Cross-entropy loss is the standard loss function for classification problems in machine learning. It is not an arbitrary choice — it is a direct consequence of Maximum Likelihood Estimation (MLE). When you minimize cross-entropy, you are mathematically finding the model parameters that make your observed training data the most probable outcome.

I. Background — Where Does It Come From?

Entropy

Entropy (from information theory) measures the uncertainty of a probability distribution. A distribution that is perfectly certain (one outcome has probability 1.0) has zero entropy. A uniform distribution (all outcomes equally likely) has maximum entropy.

Cross-Entropy

Cross-entropy measures the difference between two probability distributions:

$y$ — the true distribution (what actually happened)
$\hat{y}$ — the predicted distribution (what your model thinks)

H (y, \hat{y}) = - \sum_{c} y_{c} \log ({\hat{y}}_{c})

When the model's predicted distribution perfectly matches the truth, cross-entropy equals the entropy of the true distribution — its theoretical minimum. Any deviation from the truth increases the loss. This is exactly what we want: a function that is minimized only when predictions match reality.

Connection to MLE

From the MLE derivation, the negative log-likelihood for a classification model is:

J (θ) = - \frac{1}{N} \sum_{i = 1}^{N} \log P (y_{i} ∣ x_{i}; θ)

Cross-entropy loss is this formula, expressed in information-theoretic language. The two are equivalent. This is why cross-entropy is the principled, correct loss function for classification — not just a heuristic.

II. Multiclass Classification (3+ Classes)

Used when predicting one of three or more mutually exclusive outcomes (e.g., classifying an ETF as Growth, Value, or Dividend).

Step 1 — Representing the Truth: One-Hot Encoding

The ground truth label $y$ is encoded as a vector of zeros with a single $1$ at the correct class index. This is called one-hot encoding.

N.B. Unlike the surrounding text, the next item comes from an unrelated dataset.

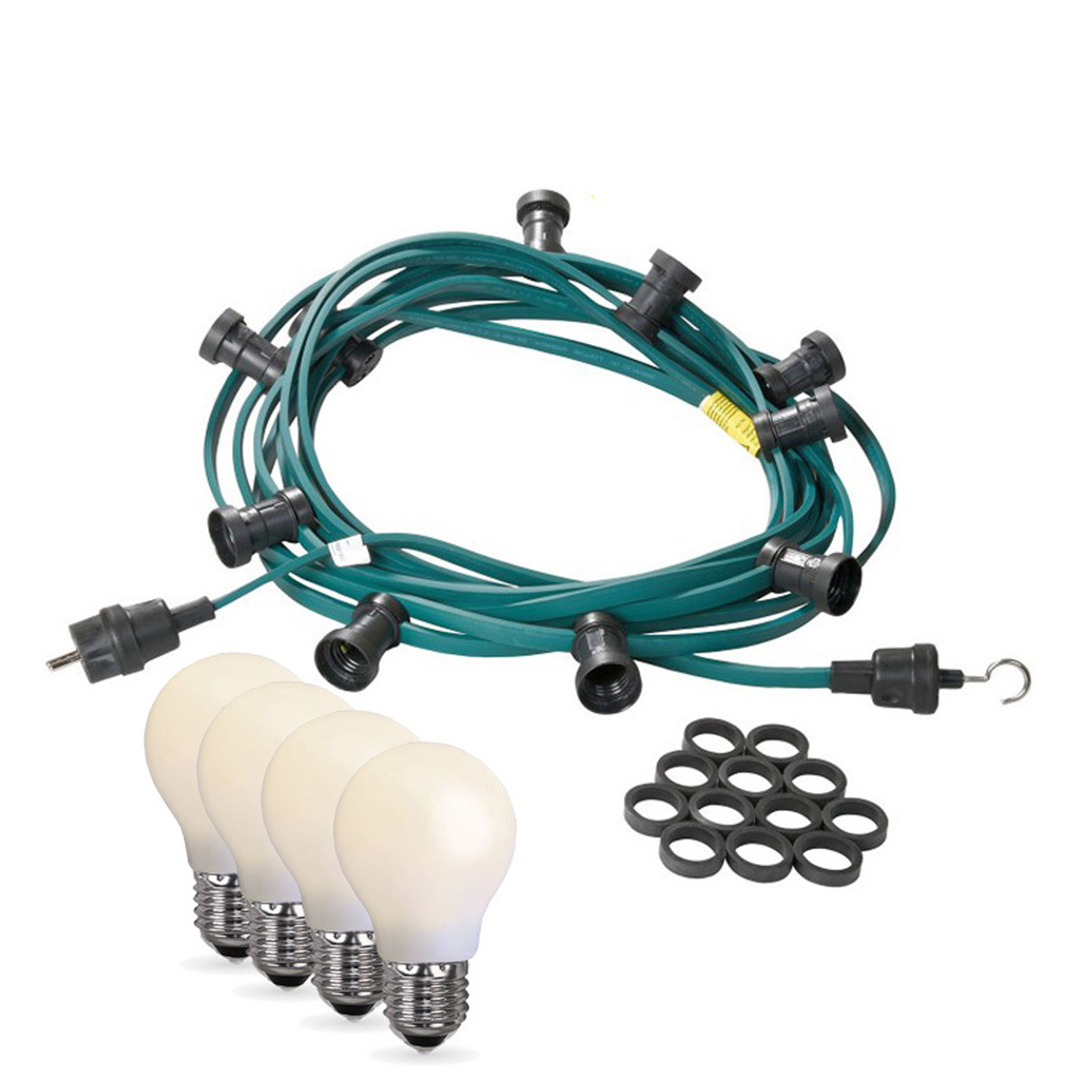 Illu-/Partylichterkette 20m - Außenlichterkette grün - Made in Germany - 40 opale LED Tropfenlampen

Example: For 3 classes and a true label of Value ( $c_{2}$ ):

y = [0, 1, 0]

Step 2 — Generating Probabilities: Softmax

The model outputs raw scores called logits ( $z_{c}$ ) for each class. The Softmax function converts them into a valid probability distribution that sums to 1.0:

{\hat{y}}_{c} = \frac{e^{z_{c}}}{\sum_{j = 1}^{K} e^{z_{j}}}

$z_{c}$ : Raw logit score for class $c$
$K$ : Total number of classes

Example output: $\hat{y} = [0.10, 0.85, 0.05]$ — the model is 85% confident it's a Value ETF.

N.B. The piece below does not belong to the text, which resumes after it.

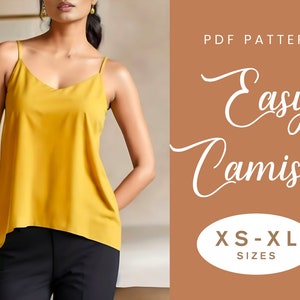 V-Neck Camisole Sewing Pattern | XS-XL | Instant Download | Classic Top | Digital PDF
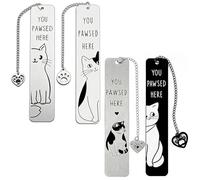 XFSRG 4 Piezas Marcapáginas Gato Metal Gatito Marcapaginas Acero Inoxidable con Colgante Marcadores Accesorios para Libros Regalo para Lectores Amigos Adultos y Niños Entusiastas de Lectura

Step 3 — Computing the Loss: Categorical Cross-Entropy (CCE)

Single Sample

L_{i} = - \sum_{c = 1}^{K} y_{i, c} \log ({\hat{y}}_{i, c})

Why this formula is elegant:
Because $y$ is one-hot encoded, it acts as a selector. Every term where $y_{i, c} = 0$ vanishes. Only the term for the correct class survives:
$L_{i} = - \log ({\hat{y}}_{correct class})$
The model is evaluated solely on the probability it assigned to the right answer. If it assigned 0.85, the loss is $- \log (0.85) \approx 0.16$ . If it assigned 0.05, the loss is $- \log (0.05) \approx 3.0$ — a severe penalty.

Full Dataset — Mean CCE (Standard)

L = - \frac{1}{N} \sum_{i = 1}^{N} \sum_{c = 1}^{K} y_{i, c} \log ({\hat{y}}_{i, c})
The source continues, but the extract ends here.